Friday, July 30, 2010

Inception (2010)

Director: Christopher Nolan. Cast: Leonardo DiCaprio, Joseph Gordon-Levitt, Ellen Page, Tom Hardy, Ken Watanabe, Cillian Murphy, Tom Berenger, Marion Cotillard, Pete Postlethwaite, Michael Caine, Lukas Haas. 148 min. Rated PG-13. USA/UK. Sci-Fi.

Mark my word: Inception will be considered a groundbreaking pioneer in storytelling for many years to come. The more I think and the more I read about it, the more I am baffled at how many profound levels it works on the concept of dreams, stories, cinema, reality, emotions, the human mind, and life. That's why comparing it to The Matrix would probably be a disservice to it. Even pointing out the subjects mentioned would be impossible in a 100-word review, so I'll leave any discussion up to you. Comment away, and I'll post my opinion on whatever you please.
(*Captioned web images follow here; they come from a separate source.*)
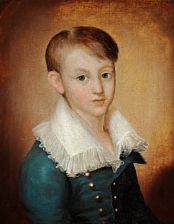 Portrait of a boy in a blue jacket.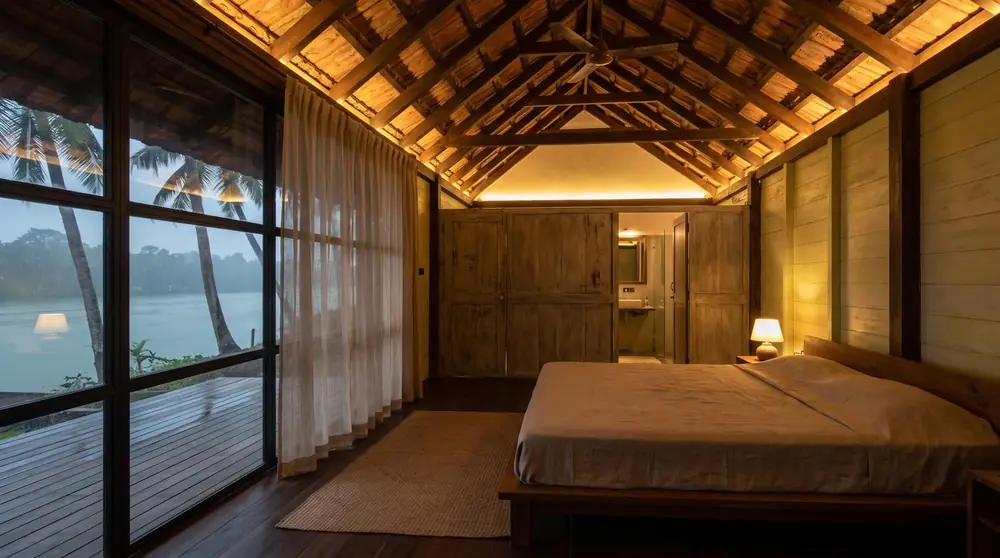 Concept image of a timber-roofed bedroom with a glass wall onto the backwater.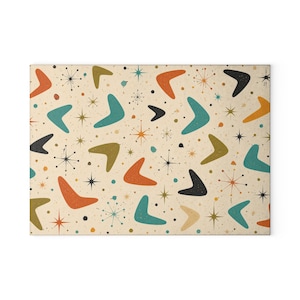 May include: A rectangular print featuring a repeating pattern of boomerang shapes in orange, teal, olive green, and black against a cream background. The design includes scattered starburst icons and small dots, creating a dense, multi-colored graphic composition.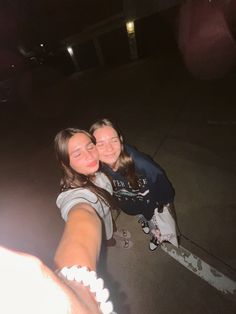 two young women taking a selfie in the dark with their arms around each other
PS: This great review may act as a good discussion starter. Watch out - huge spoilers.

Mo says:

Predators (2010)

Director: Nimród Antal. Cast: Adrien Brody, Topher Grace, Alice Braga, Laurence Fishburne, Danny Trejo.107 min. Rated R. Sci-Fi.

A disappointment. I was expecting more from producer Robert Rodriguez. The premise is interesting (humans are thrown into a wildlife preserve planet to act as game for the alien Predators), but the plot opportunities provided are not used to their fullest, and Adrien Brody is no action star. Laurence Fishburne makes a nice entrance as a cuckoo Ben Gunn-like character, but even that ends up nowhere. And remember that great scene from the trailer with tens of triangle red beams pointing at Brody, preparing to demolish him to pieces? It's not even in the movie!

Mo says:

Thursday, July 29, 2010

The Secrets (Ha-Sodot) (2007)

Director: Avi Nesher. Cast: Ania Bukstein, Michal Shtamler, Fanny Ardant. 127 min. Rated R. Israel/France. Drama.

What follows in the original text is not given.